Problem statement: Among the entries below, copy only the span from the line containing "This is where" through the line containing "My name is Sean". Do so exactly, and skip the pictures.

(Stored data entries)

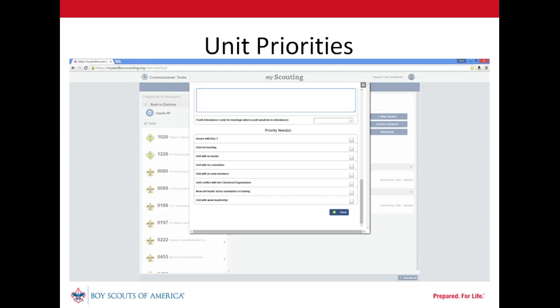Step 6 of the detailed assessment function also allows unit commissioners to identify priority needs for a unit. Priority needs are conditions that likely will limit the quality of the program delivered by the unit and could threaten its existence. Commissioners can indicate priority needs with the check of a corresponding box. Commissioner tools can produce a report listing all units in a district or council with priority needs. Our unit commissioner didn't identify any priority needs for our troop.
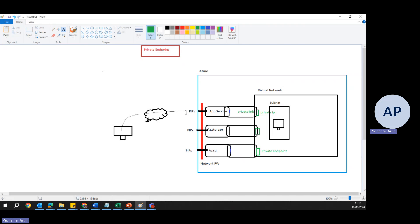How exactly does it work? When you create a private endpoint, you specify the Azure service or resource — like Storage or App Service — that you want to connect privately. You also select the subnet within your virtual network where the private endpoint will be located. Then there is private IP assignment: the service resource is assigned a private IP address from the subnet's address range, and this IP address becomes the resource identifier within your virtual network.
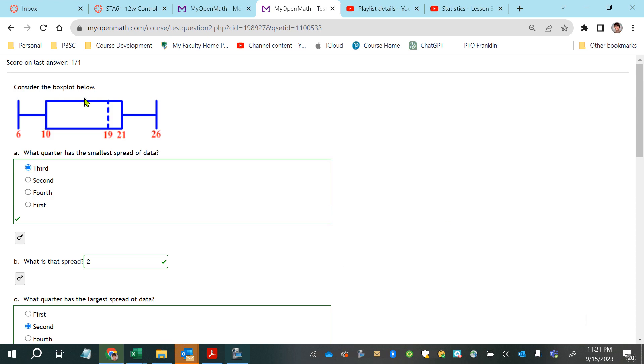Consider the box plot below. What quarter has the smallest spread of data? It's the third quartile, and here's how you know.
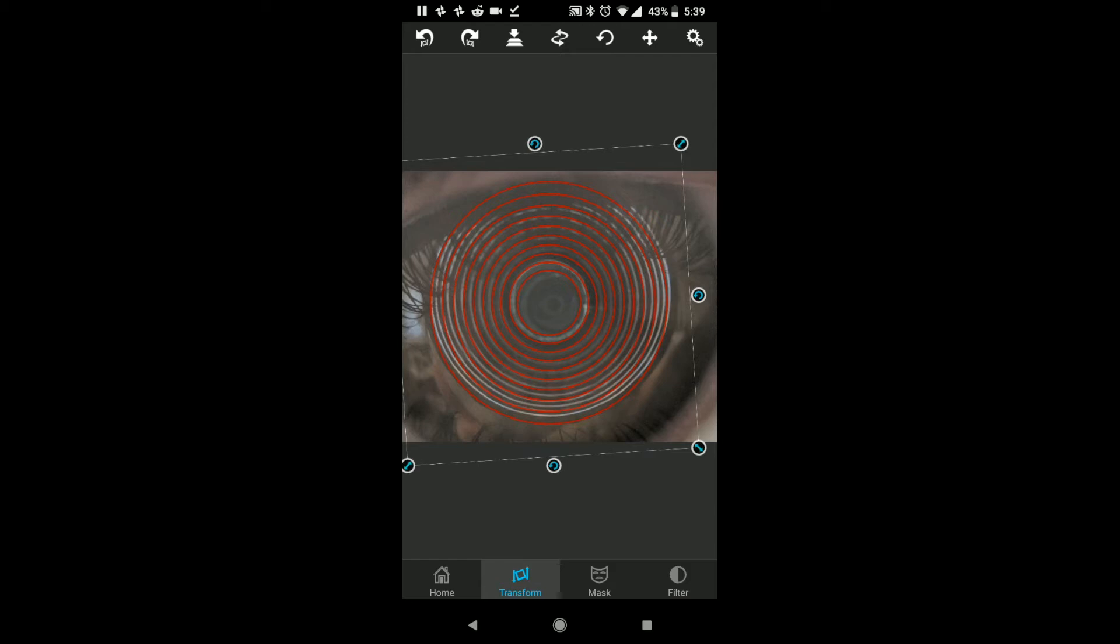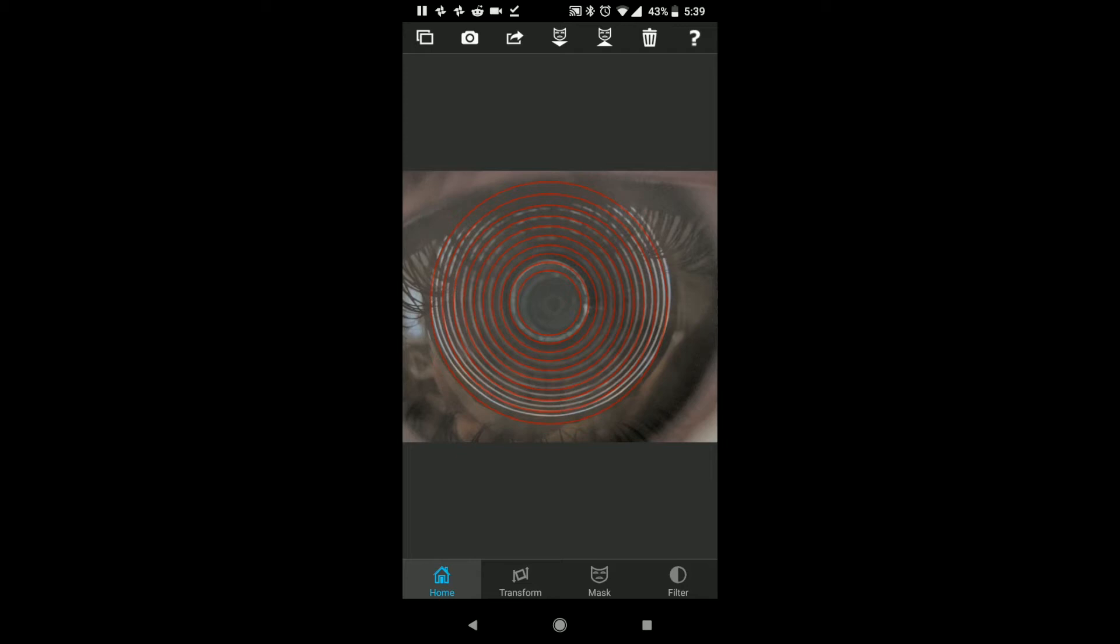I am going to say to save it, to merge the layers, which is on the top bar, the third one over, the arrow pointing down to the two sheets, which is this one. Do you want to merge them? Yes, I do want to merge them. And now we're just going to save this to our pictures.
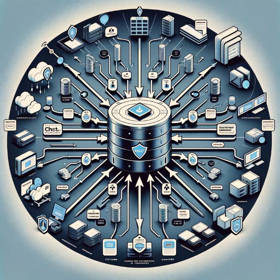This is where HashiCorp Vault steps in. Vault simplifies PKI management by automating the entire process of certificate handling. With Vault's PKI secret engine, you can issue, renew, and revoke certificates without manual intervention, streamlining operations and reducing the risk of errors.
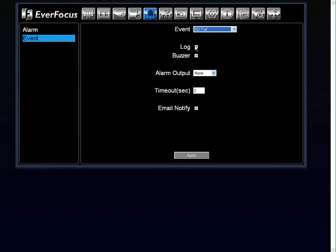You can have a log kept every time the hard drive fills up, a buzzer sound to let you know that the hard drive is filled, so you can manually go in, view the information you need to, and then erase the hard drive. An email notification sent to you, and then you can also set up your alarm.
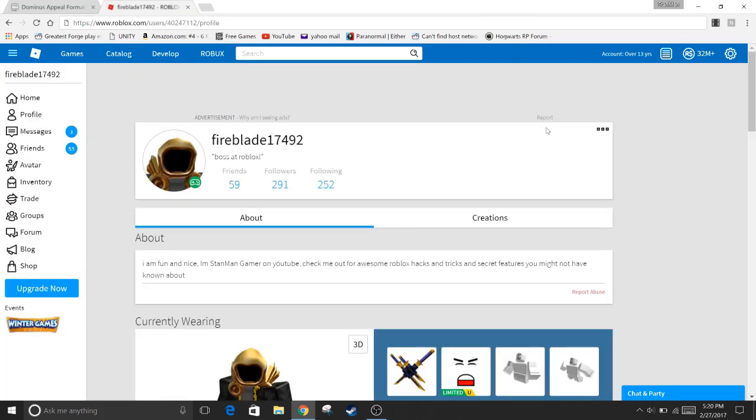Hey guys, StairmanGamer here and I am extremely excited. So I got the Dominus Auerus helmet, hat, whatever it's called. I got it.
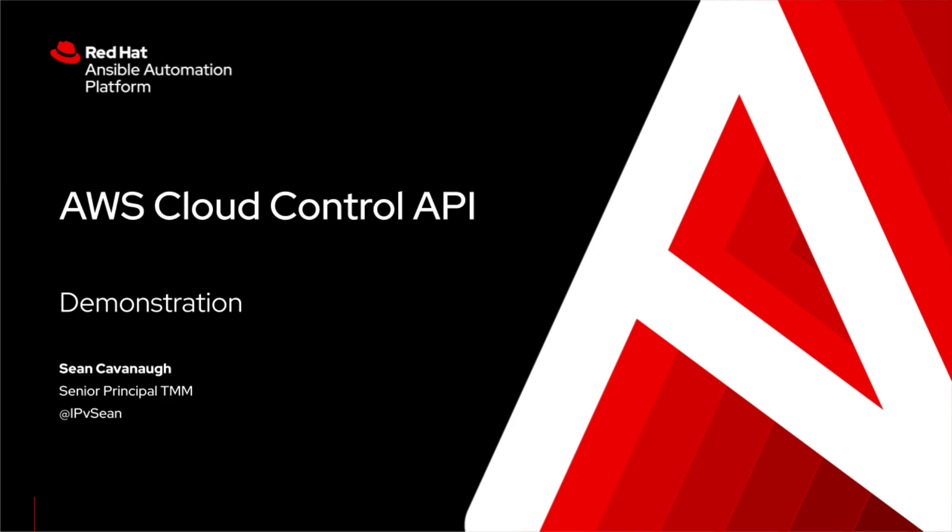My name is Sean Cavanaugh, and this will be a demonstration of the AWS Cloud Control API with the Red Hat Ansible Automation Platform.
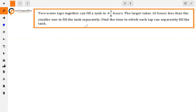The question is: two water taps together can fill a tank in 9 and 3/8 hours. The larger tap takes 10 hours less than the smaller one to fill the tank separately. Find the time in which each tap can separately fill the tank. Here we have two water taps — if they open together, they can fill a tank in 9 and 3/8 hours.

==

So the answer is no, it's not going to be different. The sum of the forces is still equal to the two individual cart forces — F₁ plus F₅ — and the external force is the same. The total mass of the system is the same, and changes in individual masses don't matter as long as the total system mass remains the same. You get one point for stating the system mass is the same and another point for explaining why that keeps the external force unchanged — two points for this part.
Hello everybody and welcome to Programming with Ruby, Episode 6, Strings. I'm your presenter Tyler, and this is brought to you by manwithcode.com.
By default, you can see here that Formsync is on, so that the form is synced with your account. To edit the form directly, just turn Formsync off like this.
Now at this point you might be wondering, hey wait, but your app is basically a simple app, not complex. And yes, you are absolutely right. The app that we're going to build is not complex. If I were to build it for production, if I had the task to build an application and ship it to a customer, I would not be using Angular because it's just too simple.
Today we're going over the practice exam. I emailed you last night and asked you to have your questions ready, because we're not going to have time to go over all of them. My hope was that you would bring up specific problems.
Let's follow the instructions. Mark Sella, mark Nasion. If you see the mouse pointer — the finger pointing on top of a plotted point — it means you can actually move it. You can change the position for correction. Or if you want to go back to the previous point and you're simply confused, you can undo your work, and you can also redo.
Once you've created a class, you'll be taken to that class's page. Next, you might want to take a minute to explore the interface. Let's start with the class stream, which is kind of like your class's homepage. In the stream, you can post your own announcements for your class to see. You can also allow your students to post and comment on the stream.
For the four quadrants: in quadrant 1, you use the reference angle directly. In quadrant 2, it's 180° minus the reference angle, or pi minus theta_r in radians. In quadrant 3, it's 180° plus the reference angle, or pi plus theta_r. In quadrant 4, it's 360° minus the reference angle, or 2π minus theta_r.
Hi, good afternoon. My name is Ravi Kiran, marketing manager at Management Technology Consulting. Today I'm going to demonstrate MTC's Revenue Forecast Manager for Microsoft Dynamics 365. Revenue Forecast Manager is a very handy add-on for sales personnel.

Exercise answer:
This is where HashiCorp Vault steps in. Vault simplifies PKI management by automating the entire process of certificate handling. With Vault's PKI secret engine, you can issue, renew, and revoke certificates without manual intervention, streamlining operations and reducing the risk of errors.
You can have a log kept every time the hard drive fills up, a buzzer sound to let you know that the hard drive is filled, so you can manually go in, view the information you need to, and then erase the hard drive. An email notification sent to you, and then you can also set up your alarm.
Hey guys, StairmanGamer here and I am extremely excited. So I got the Dominus Auerus helmet, hat, whatever it's called. I got it.
My name is Sean Cavanaugh, and this will be a demonstration of the AWS Cloud Control API with the Red Hat Ansible Automation Platform.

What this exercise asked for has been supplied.